Section 5 Data Visualization
Visualizing data is one of the most powerful ways to explore relationships and trends between variables. Visualizations are also a powerful way to communicate these relationships. In this section we will discuss the creation of the most common type of plot in chemistry: the scatterplot. How to make changes to a plot, how to add and format axes labels and how to add trendlines.
The majority of this section uses the air quality datasets from the NAPS network as an example. If you received a dataset through your CHM135 lab section feel free to use it to follow along. If not, you can visit the Introduction page to download the example dataset used throughout this resource (note that you cannot use the example dataset for your analysis in CHM135).
5.1 Creating a Scatterplot
Many physical chemistry labs result in the collection of a series of data with an independent (time, volume…) and a dependent (absorption, pH, temperature…) variable. Comparing these variables often involves plotting the independent variable on the x-axis and the dependent variable on the y-axis as a scatterplot, which plots each data point independently on the grid space of the graph. This model of data analysis is where we will begin our analysis of the relationship between NO2, O3 and OX in the NAPS dataset by creating a timeseries where the concentrations of the chemicals (dependent variable) are plotted over time (independent variable).
To create a scatterplot, select the columns of data you want to visualize and then go to the INSERT ribbon and select CHARTS, then SCATTER, then SCATTER again (this selection may look like a button with a picture of a little scatterplot). Alternatively, you can select the INSERT tab, then CHARTS, then X Y (Scatter).
If you would like to make a plot with more than 1 dataset included, as in the GIF below, then you can select all of the columns in question and create the scatterplot as described. You can select an entire column by clicking on the column heading, and if you need to select columns that are not directly adjacent to one another hold the CTRL button in Windows or COMMAND on a Mac and click on the column headings you wish to select.

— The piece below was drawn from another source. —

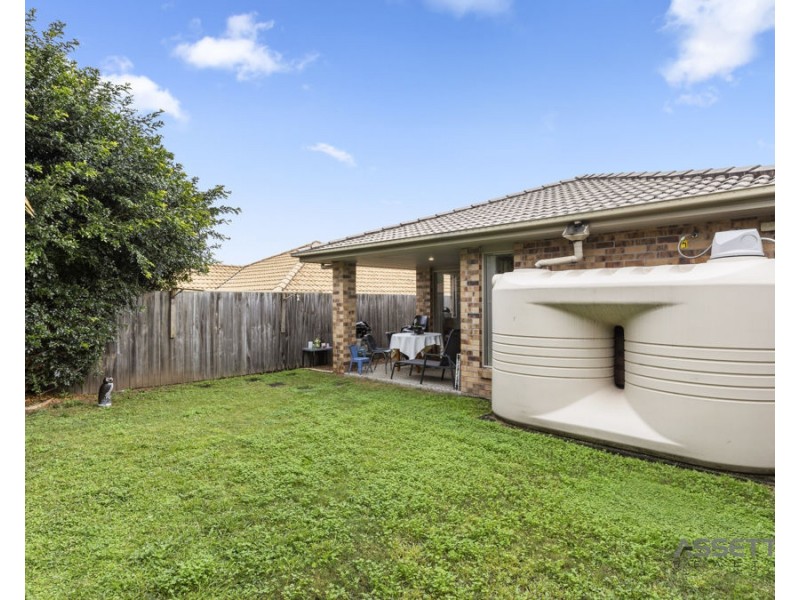 46 Pleasant Drive, Redbank Plains QLD 4301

The first thing to do once you make a plot is to simply look at it. Are the correct values plotted on the correct axes? Are the values properly formatted? Here is the plot that resulted from the GIF above. What do you think?

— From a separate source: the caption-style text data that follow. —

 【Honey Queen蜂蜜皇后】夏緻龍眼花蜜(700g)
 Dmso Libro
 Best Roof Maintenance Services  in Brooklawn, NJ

Although this figure is a bit difficult to read, from the flow of the points it looks as though the date and time is plotted on the x-axis and concentration on the y-axis. If you haven’t removed all of the -999 values in your dataset you might see some outlier values. If this is the case the Data Cleaning section walks you through how to remove them.

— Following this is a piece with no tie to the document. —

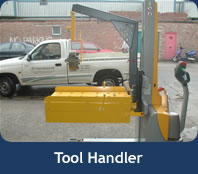 Tool-Handler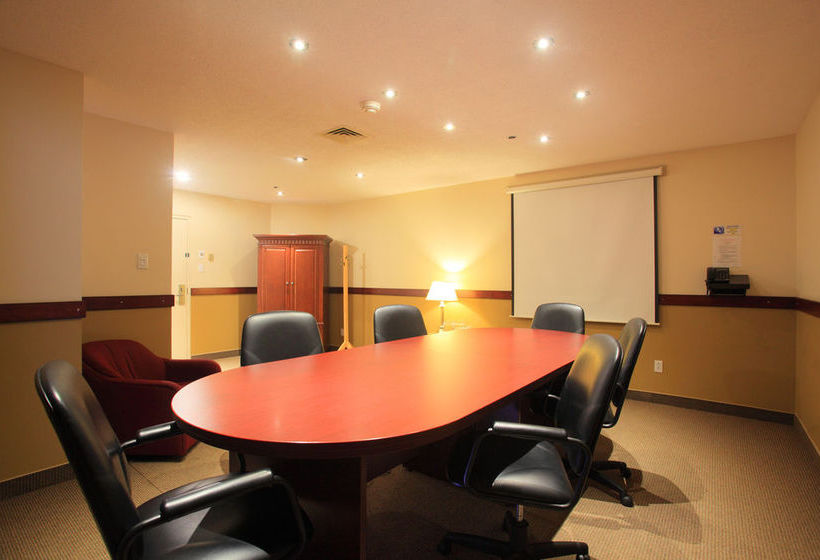 Hotel Universel Alma | Alma | Quebec | Canada 20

5.2 Changing Chart Type or Design
As mentioned above, scatterplots are the most common type of plot in the chemistry lab as the data collected is discrete. However, as is often the case, rules were meant to be broken. Adding a continuous smooth line will make relationships between the variables much easier to visualize, and will also allow us to practice changing a chart type after a plot has been generated. To do this click on the plot, then select the CHART DESIGN ribbon, then CHANGE CHART TYPE, then X Y (Scatter), then SCATTER WITH SMOOTH LINES (note that the last menu often appears as pictures of plots and so choose the one with a smooth line). This is also the menu you would choose if you wanted to change the chart type to visualize your data in another way (e.g. bar chart).
5.3 Adding Axis Labels and a Chart Title
Once you have confirmed your graph is appropriate you will need to add axes titles. To do this, click on the plot, then click on the CHART DESIGN ribbon, then ADD CHART ELEMENT, then AXIS TITLES and add titles to both the x-axis (PRIMARY HORIZONTAL) and y-axis (PRIMARY VERTICAL). Once the axes titles are present, you can edit them to an appropriate label and remember to include units if relevant.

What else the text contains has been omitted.